By Ibrahim Ismayilov, Samir Taghiyev, Olga Godunova, and Farzin Mirmotahari
In 1994 the multinational energy company BP, together with a group of other oil companies, signed a production sharing agreement with the government of Azerbaijan to develop the country’s oil and gas wealth. This agreement was officially called the Azeri-Chirag-Guneshli (ACG) oil development and Baku-Tblisi-Ceyhan (BTC) oil pipeline projects, but was widely referred to as the “Contract of the Century.” It offered Azerbaijan, an independent country following the collapse of the Soviet Union in 1991, the opportunity to use its natural resources to improve the lives of its people and ameliorate widespread poverty. The International Finance Corporation (IFC) was one of the leading financiers of this project.

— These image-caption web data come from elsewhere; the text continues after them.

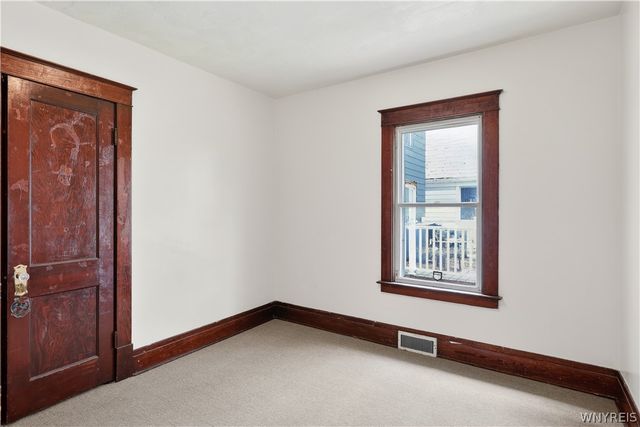 1890 Linwood Avenue, Niagara Falls, NY 14305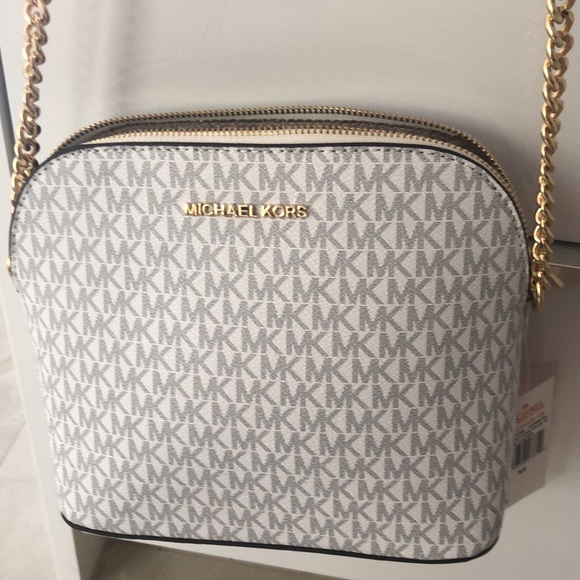 MICHAEL Michael Kors Handbags - Micheal kors white bad
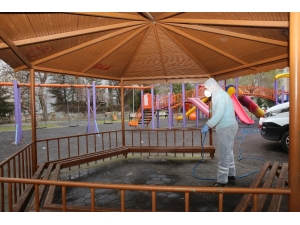 Melikgazi’de Okullar Ve Parklar İlaçlanıyor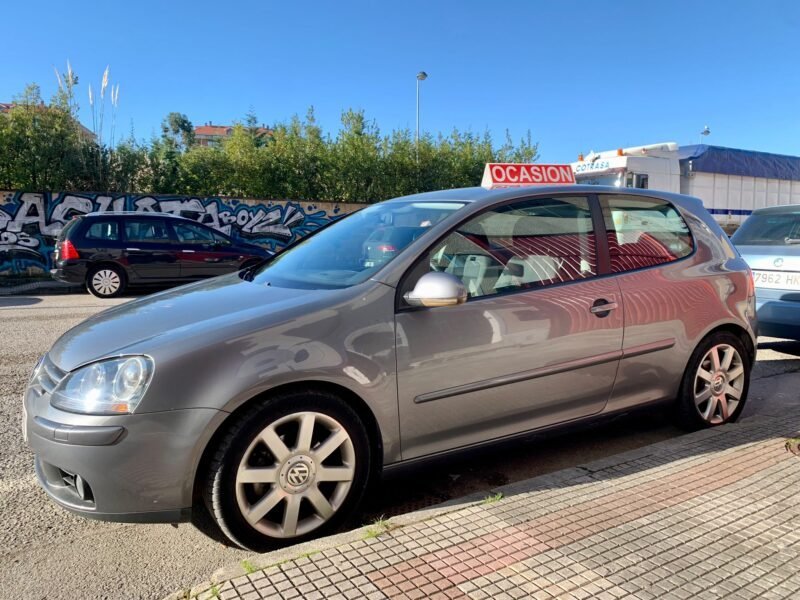 VOLKSWAGEN Golf 2.0 TDI SPORTLINE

During the late 1980s and early 1990s, Azerbaijan had endured the collapse of the Soviet Union, economic disintegration, and a devastating war with neighboring Armenia. The scale of economic collapse was severe even by Soviet standards: In 1995 GDP was only 42 percent of its 1990 pre-independence level. Unemployment was endemic: out of a total population of 8 million, about one million Azerbaijanis were refugees and internally displaced persons who had fled the areas occupied by Armenian forces and another 2 million Azerbaijanis had left the country, mainly for Russia to find work.